In 1992, I started making paintings with one brushstroke. It seemed like there was enough going on within a single brushstroke to keep me interested. I wanted it to look blown on, like the pigment used for those hands in cave drawings. It was all about speed, touch, timing. It’s difficult to be precise. When I first started doing these one-brushstroke paintings, if I didn’t like what I’d done, I’d get down on my hands and knees with a can of mineral spirits and a bunch of rags and wipe it off. By the time I’d finished that, I’d lost the kind of muscle memory of what I was trying to do. And it’s very important to the paintings that they be a transference of some accumulation of muscle memories from the body to the brush.
So, I was searching for a way to be able to wipe that slate clean but quickly. And I came up with this method where I prepared the canvas with a surface that was very smooth and tough. And if I don’t like my brushstroke, which is most of the time, I can just squeegee it clean without losing that muscle memory of what my intentions are. The brushstroke itself gets made in a matter of seconds, even if I work on it all day or over a couple of days.
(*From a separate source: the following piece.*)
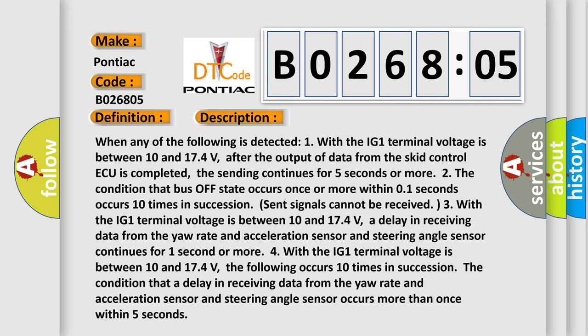When any of the following is detected: 1. With the IG-1 terminal voltage between 10 and 17.4 volts, after the output of data from the SKID control ECU is completed, the sending continues for 5 seconds or more. 2. The condition that bus off state occurs once or more within 0.01 seconds occurs 10 times in succession. Sent signals cannot be received.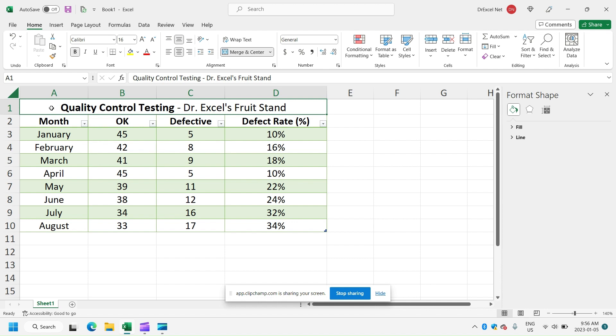So let's take a quick look at our data here for Dr. Excel's fruit stand. We did some quality control testing to make sure that our fruit is fresh. So in January, for example, we looked at 50 fruits and we found that five of them were not so fresh and 45 of them were OK.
It’s interesting to think about how things have changed since 1992. It sounds almost trite or clever, but I’ve discovered why I create the paintings. Through making them, I’ve not only learned who I am, I’ve learned what’s important to me as an artist. My deepest being is contained within the brushstrokes — in a very unhidden way. It’s all there. Nothing is added or subtracted; it just is what it is, complete with foibles or what have you. I think my trans nature is very much there for all to see. The brushstrokes — they’re strong and delicate at the same time. They’re imprints of my body, transmitted through the hand or wrist, coming from my complete being, body and mind. When I revisit some of the older paintings, it seems like my truer nature is still there for all to see. And it’s something quite pleasing for me to look back on now. It’s like I knew myself better than I thought I did.